# Data extract
※ ※ ※
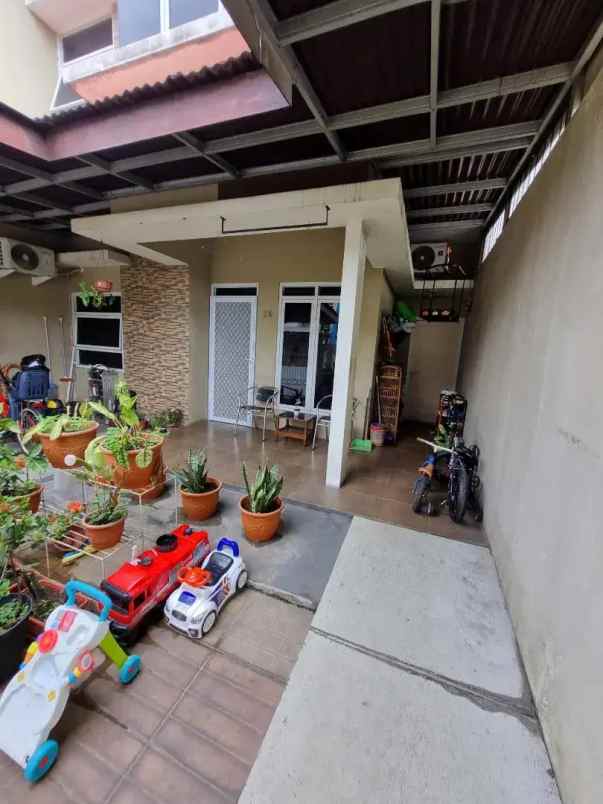 rumah siap huni minimalis tingkat di bekasi timur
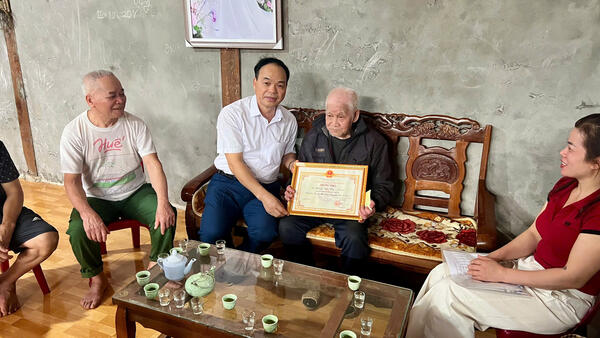 Lãnh đạo Đảng ủy, HĐND, UBND, UB MTTQ Việt Nam xã Tri Lễ thăm chúc mừng thọ và tặng quà Người cao tuổi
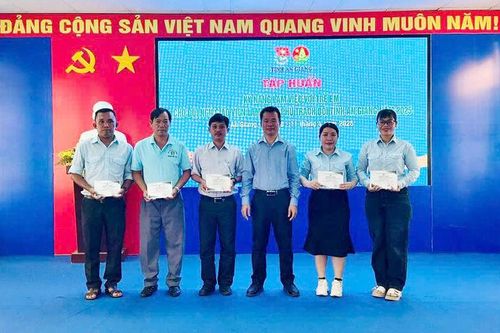Tổng kết, trao chứng nhận lớp tập huấn 'Kỹ năng làm việc với trẻ em' lần thứ II năm 2025
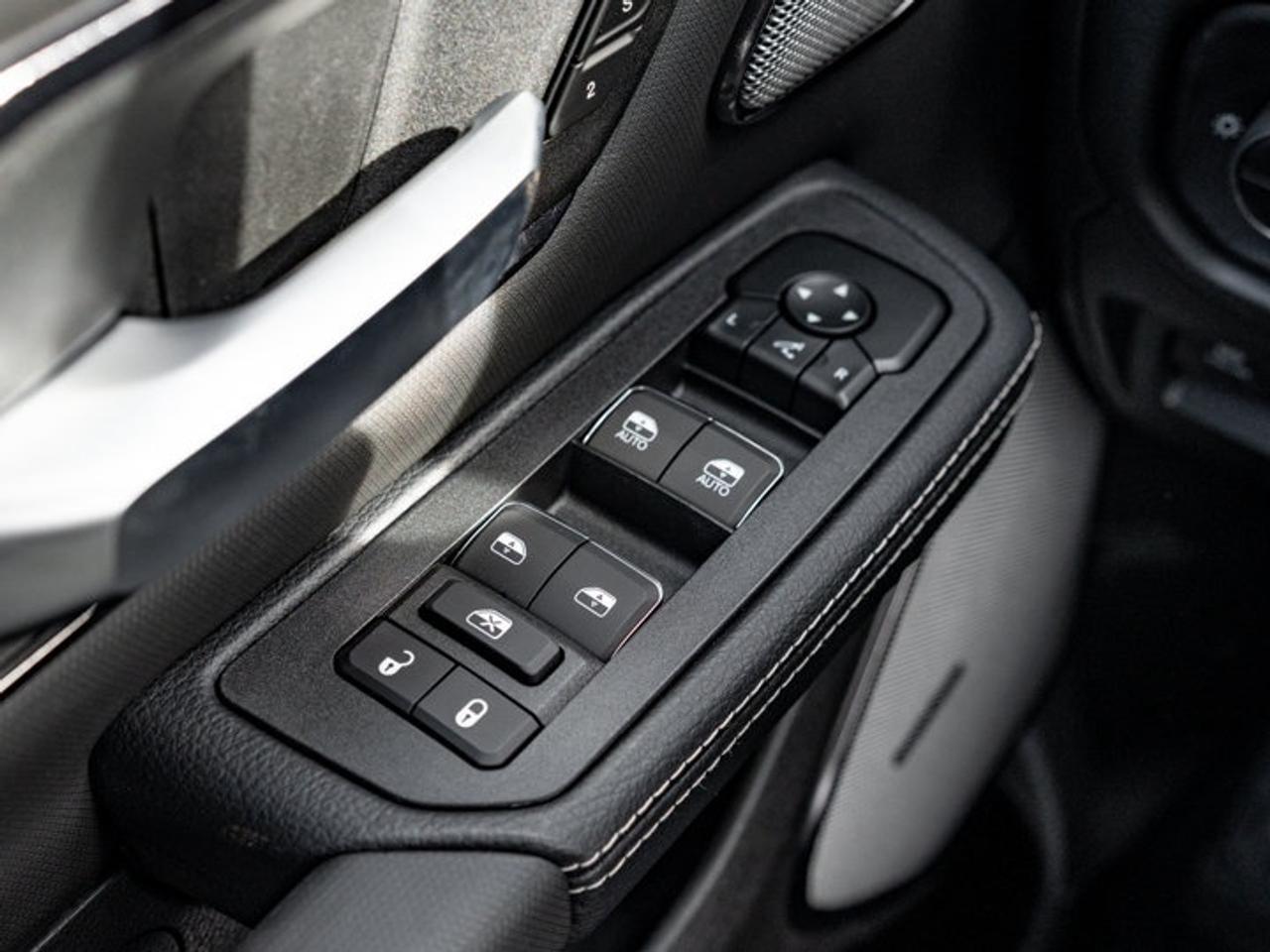 2027 RAM 1500 SPORT Photo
※ ※ ※
# Problem
Every line above has to be output exactly; the pictures must be dropped.

# Result below
 rumah siap huni minimalis tingkat di bekasi timur
 Lãnh đạo Đảng ủy, HĐND, UBND, UB MTTQ Việt Nam xã Tri Lễ thăm chúc mừng thọ và tặng quà Người cao tuổi
Tổng kết, trao chứng nhận lớp tập huấn 'Kỹ năng làm việc với trẻ em' lần thứ II năm 2025
 2027 RAM 1500 SPORT Photo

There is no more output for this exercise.